## Action item
Transcribe exactly the lines below that begin at the line with "Deep parallel wagon" and stop after the line with "French Diamond Crown Coin Ring", leaving out every picture.

## Input records
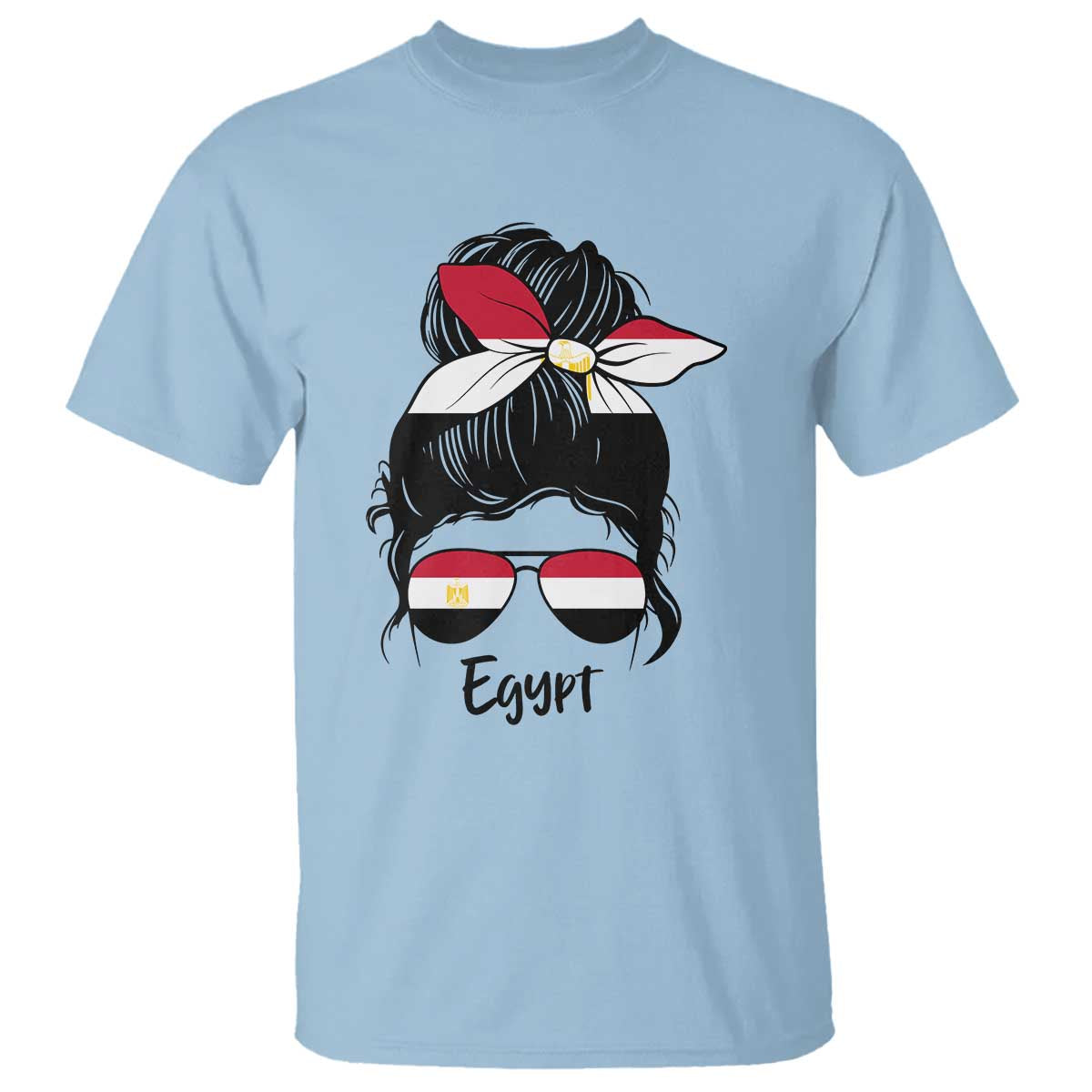 Egyptian Flag Messy Bun Girl T Shirt Patriotic Egypt Women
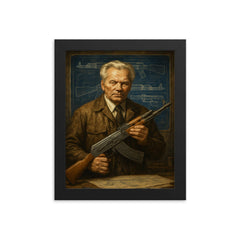 Mikhail Kalashnikov blueprint workshop portrait framed print on a plain backdrop in size 8"x10".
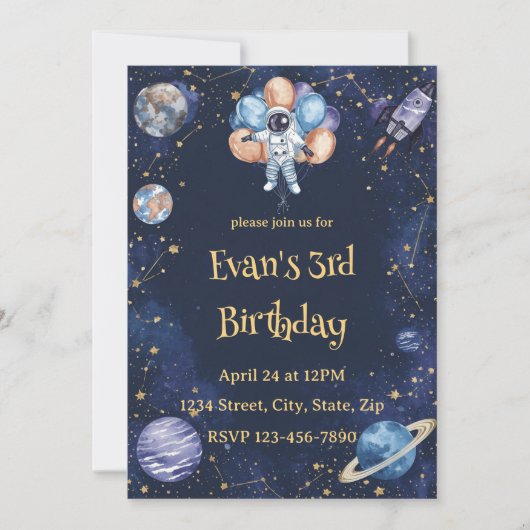 Adventure Galaxy Birthday Invitation | Astronaut Kaart (Voorkant)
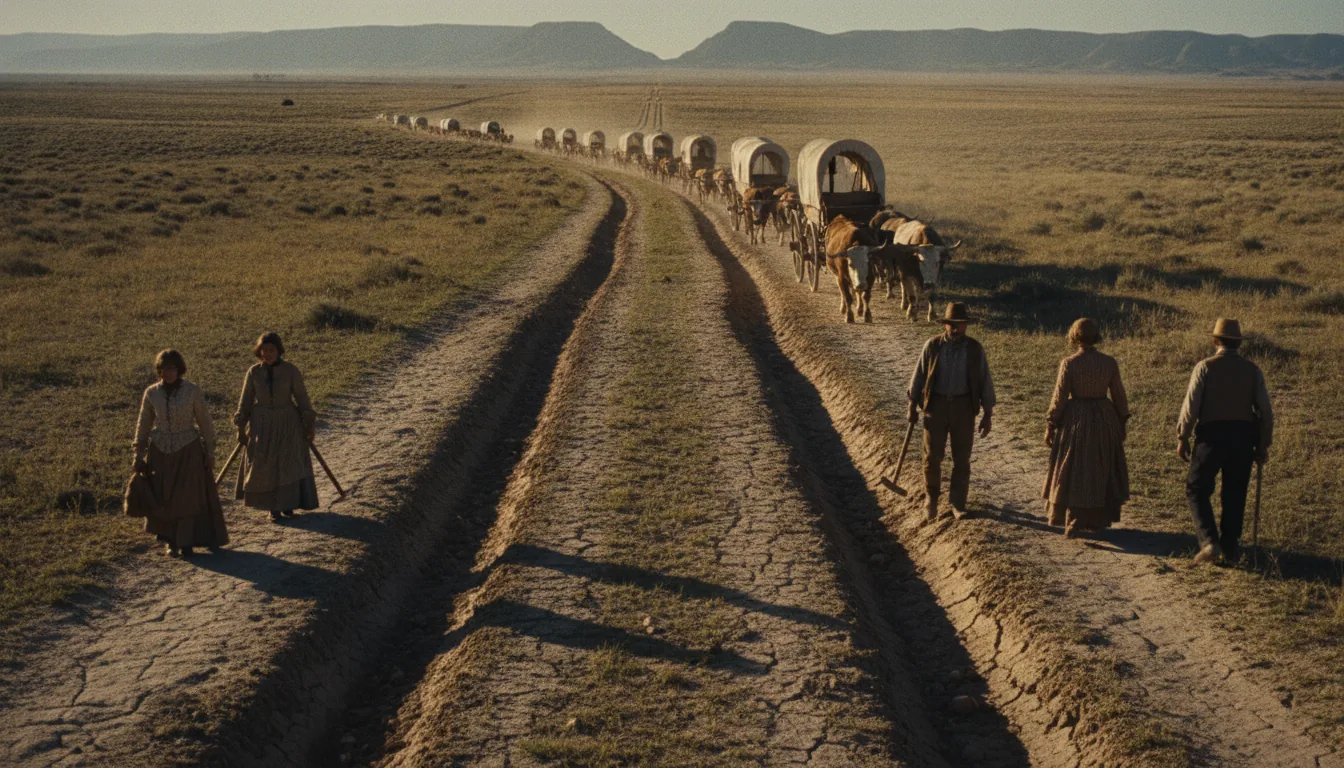 Deep parallel wagon ruts worn into bare earth and rock stretching toward a distant mountain pass, the physical scar of the overland trail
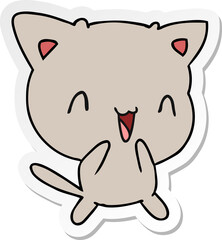 Obraz na płótnie Canvas freehand drawn sticker cartoon of cute kawaii cat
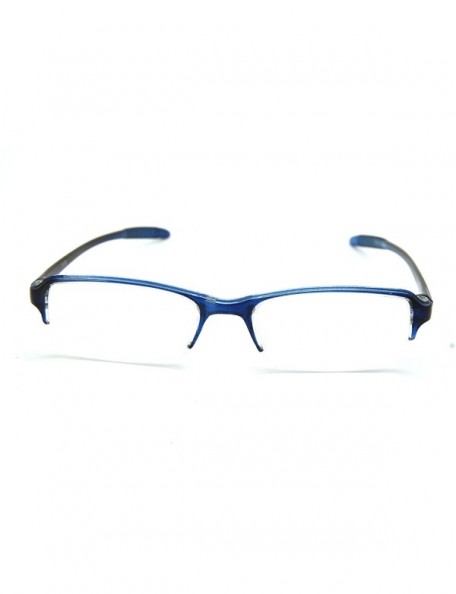 Rimless Super Lightweight Reading Glasses Free Pouch HalfRim - Blue Crystal Transparent - CC187S38ZHL $15.99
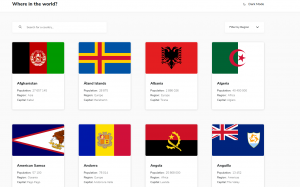 Сайт с информацией о всех странах мира - Countries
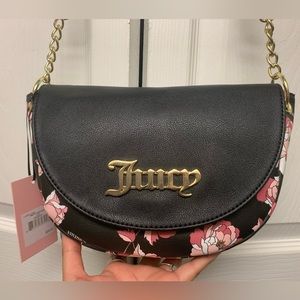 BNWT JUICY COUTURE Black Floral Bag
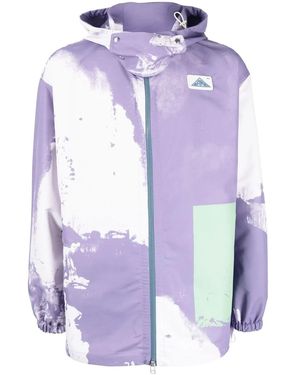 OAMC Tie Dye-Print Zip-Up Hooded Jacket - Purple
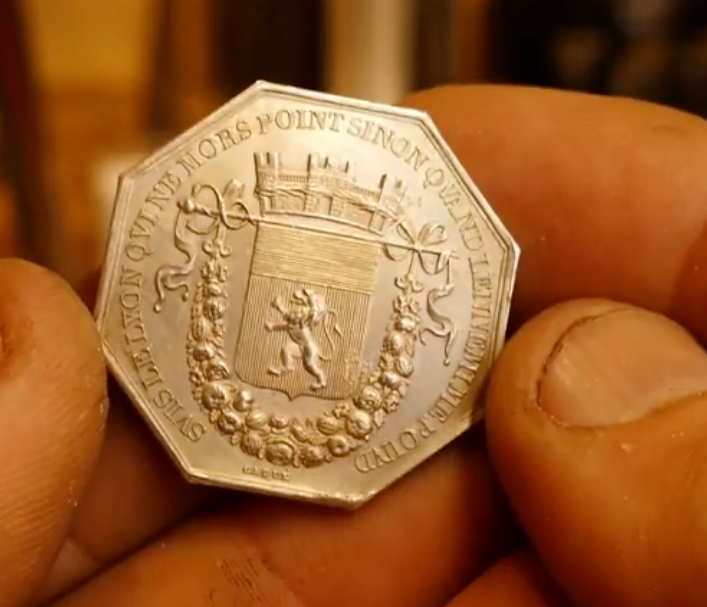 French Diamond Crown Coin Ring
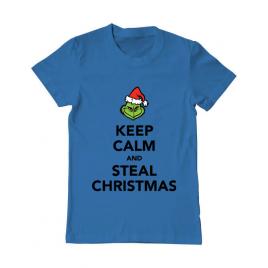 Tricou adler barbat steal christmas albastru azuriu
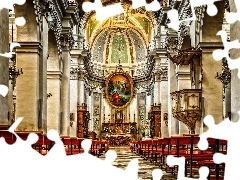 Włochy, Wnętrze, Zdobienia, Ołtarz, Ławki, Miejscowość Modica, Kościół Chiesa di san Giovanni Evangelista, Kolumny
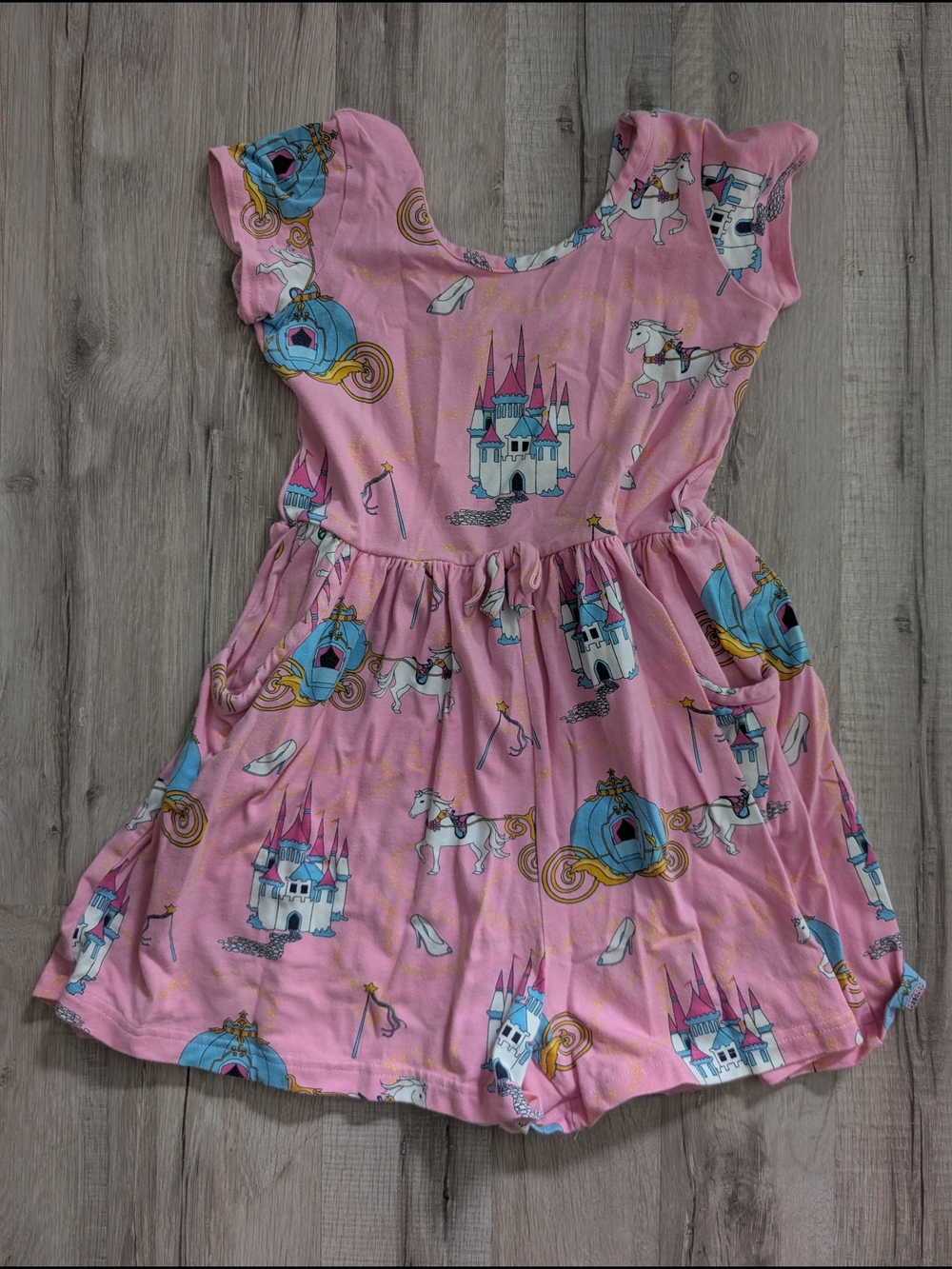 Eleanor Rose Pink Castle & Carriage Shorts Romper, 7-8Y (V6)
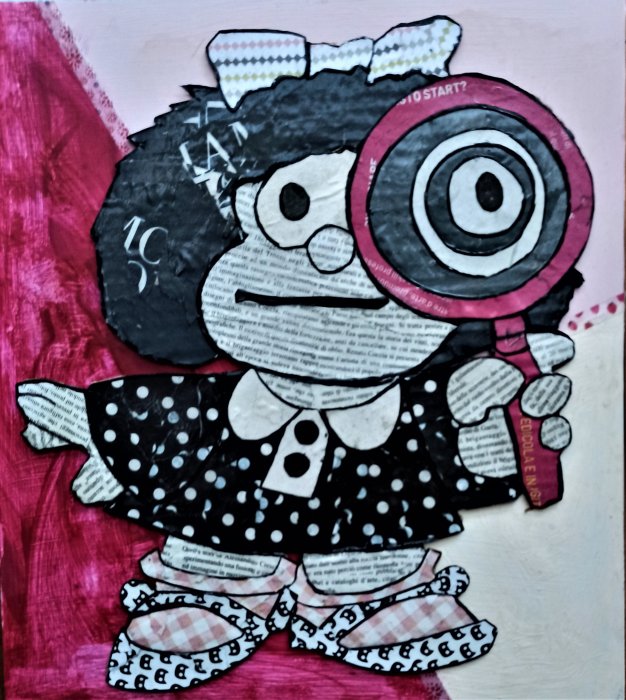 MAFALDA   DETECTIVE   tecnica mista su cartone  29 x 32 cm 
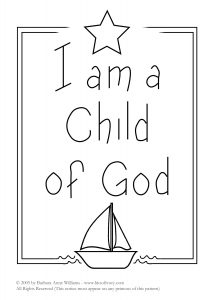 I am a Child of God embroidery pattern with star and sailboat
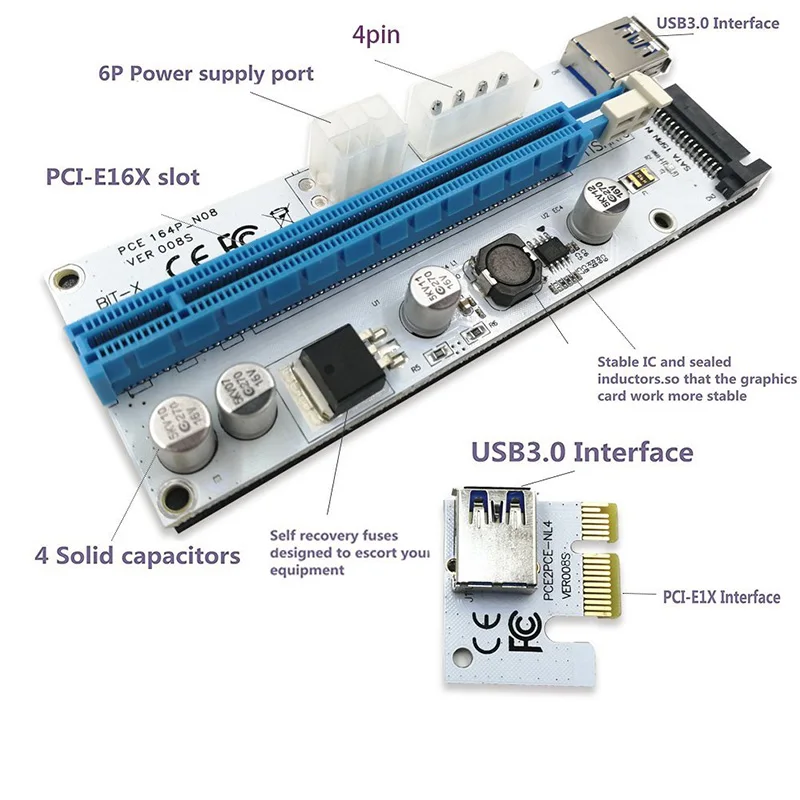10 шт. Лидер продаж VER008S 3 в 1 Molex 4Pin SATA 6PIN PCIE PCI Express Riser Card 1x к 16x USB 0 кабель для майнинга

## Exercise response
 Deep parallel wagon ruts worn into bare earth and rock stretching toward a distant mountain pass, the physical scar of the overland trail
 Obraz na płótnie Canvas freehand drawn sticker cartoon of cute kawaii cat
 Rimless Super Lightweight Reading Glasses Free Pouch HalfRim - Blue Crystal Transparent - CC187S38ZHL $15.99
 Сайт с информацией о всех странах мира - Countries
 BNWT JUICY COUTURE Black Floral Bag
 OAMC Tie Dye-Print Zip-Up Hooded Jacket - Purple
 French Diamond Crown Coin Ring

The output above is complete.